And about that pizza. It comes from co-owner Matt Michel’s 1943 Pizza Bar. Michel has been a force in the world of proper pizza ever since he established Rolling in Dough, a catering company that operates out of a vintage fire truck with an oven imported from Italy. His restaurant is across the square from Brix and Rye, but the two establishments occupy the same building and are connected by a staircase–a convenient arrangement for running food into the grotto-like bar, which at one time may have been a speakeasy. When Michel opened 1943 last year, the locale he rented included the rustic exposed-brick space that would become Brix and Rye. He used to visit that space every time he visited the downstairs storage room, and think, This would make the perfect bar.
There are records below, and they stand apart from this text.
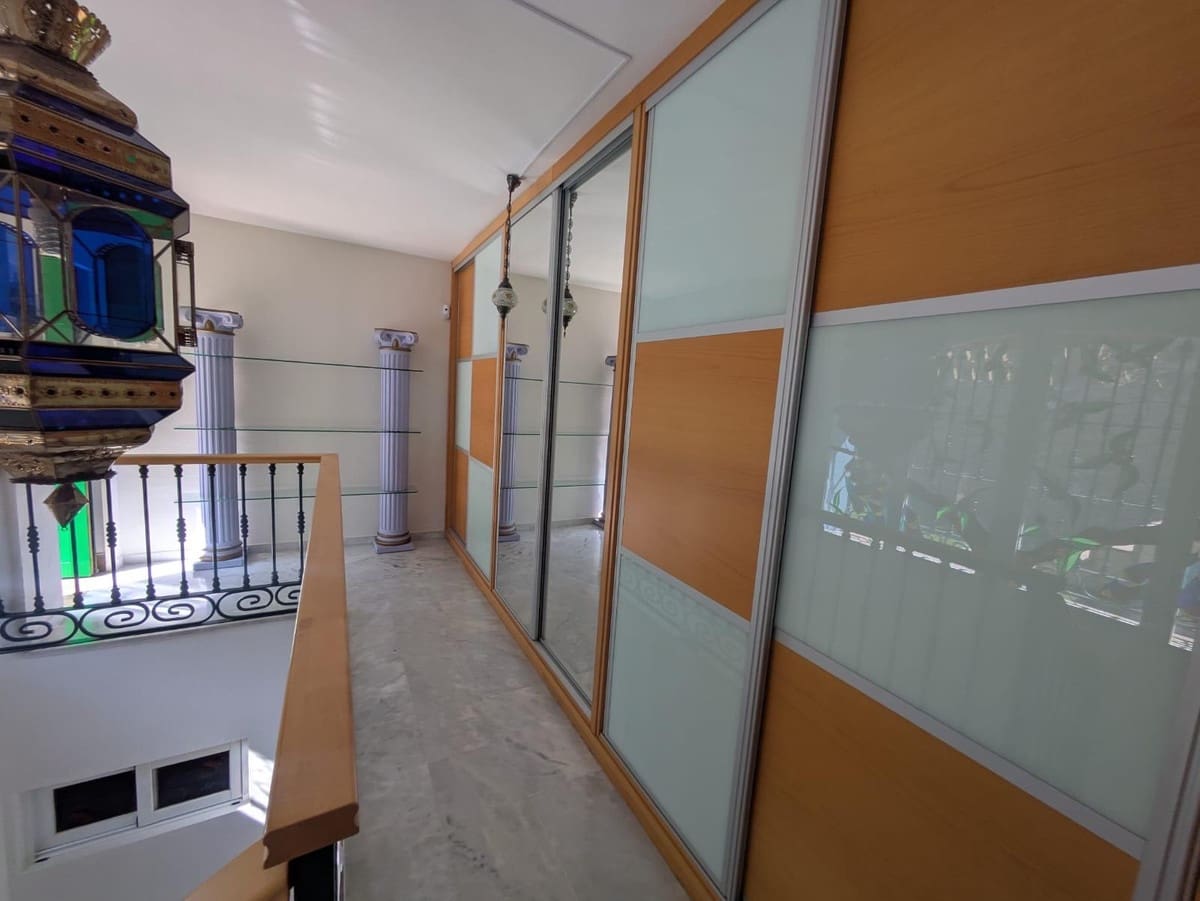 5 soverom Villa til salgs i Malaga by med svømmebasseng garasje - € 1 340 000 (Ref: 10122486)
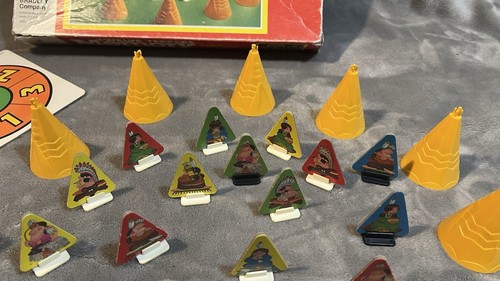 Twelve Teepee Memory An Advanced Memory Game Milton Bradley - Picture 5 of 6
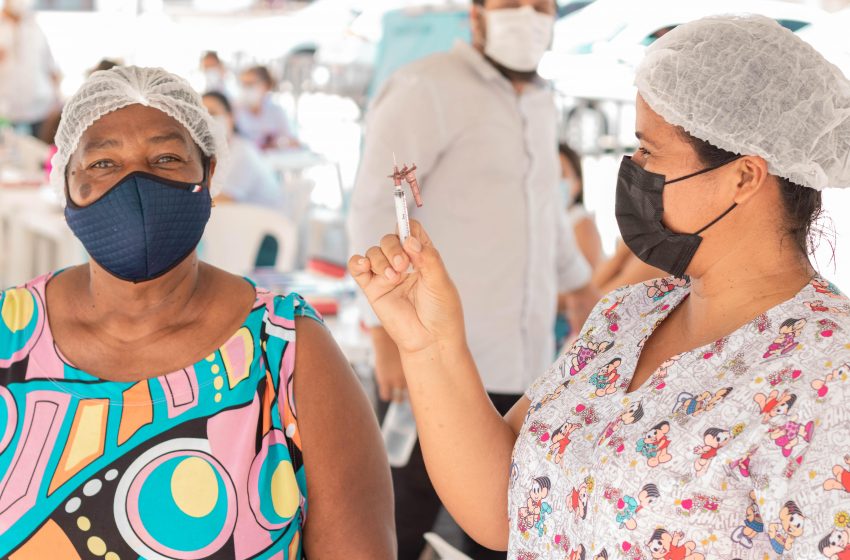 Pontos fixos de vacinação fecham nesta quinta (21) e funcionam na sexta-feira (22)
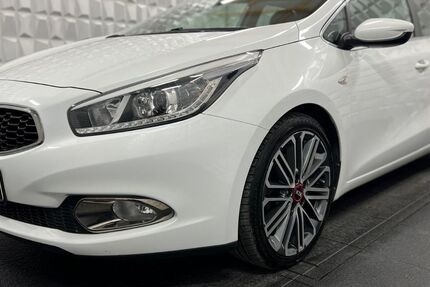 Kia ceed Sportswagon 168.000 km 4.890 &euro; Werdau 08412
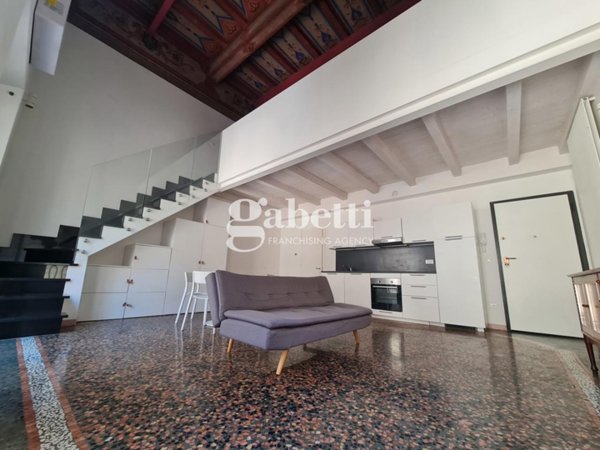 appartamento in vendita a Bologna in zona Santo Stefano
‘Even in its raw unfinished state, it was an enchanting space,’ he recalled. ‘Dark and cozy, it was the kind of place where I would want to have a drink and settle in for the evening if I didn’t know anyone in town.’ In fact, Michel knows everyone in town. In search of a partner for his new enterprise, he was mentally reviewing his roster of acquaintances when he thought of Bucholz, whom he’d met while were both working at The Jediah Hawkins Inn. (‘For, like, five minutes.’) Bucholz and his wife, Kyla, a veteran of New York City’s Prune, realized at once that this was the bar they’d been waiting for. Bucholz said the three partners very quickly decided to ‘make it the kind of place where even the most sophisticated cocktail connoisseur would feel at home.’

In celebration of spring, Michel has been replicating empanadas that he tasted on a recent trip to Mexico. Bucholz, for his part, is working on a cocktail that involves snap peas, dry sherry, blanc vermouth, and verijus from Jamesport Vineyards. But neither item will be available for public consumption until they’re exactly right. As Michel noted, ‘Experience has taught us that once we put something on the menu, our customers won’t let us take it off.’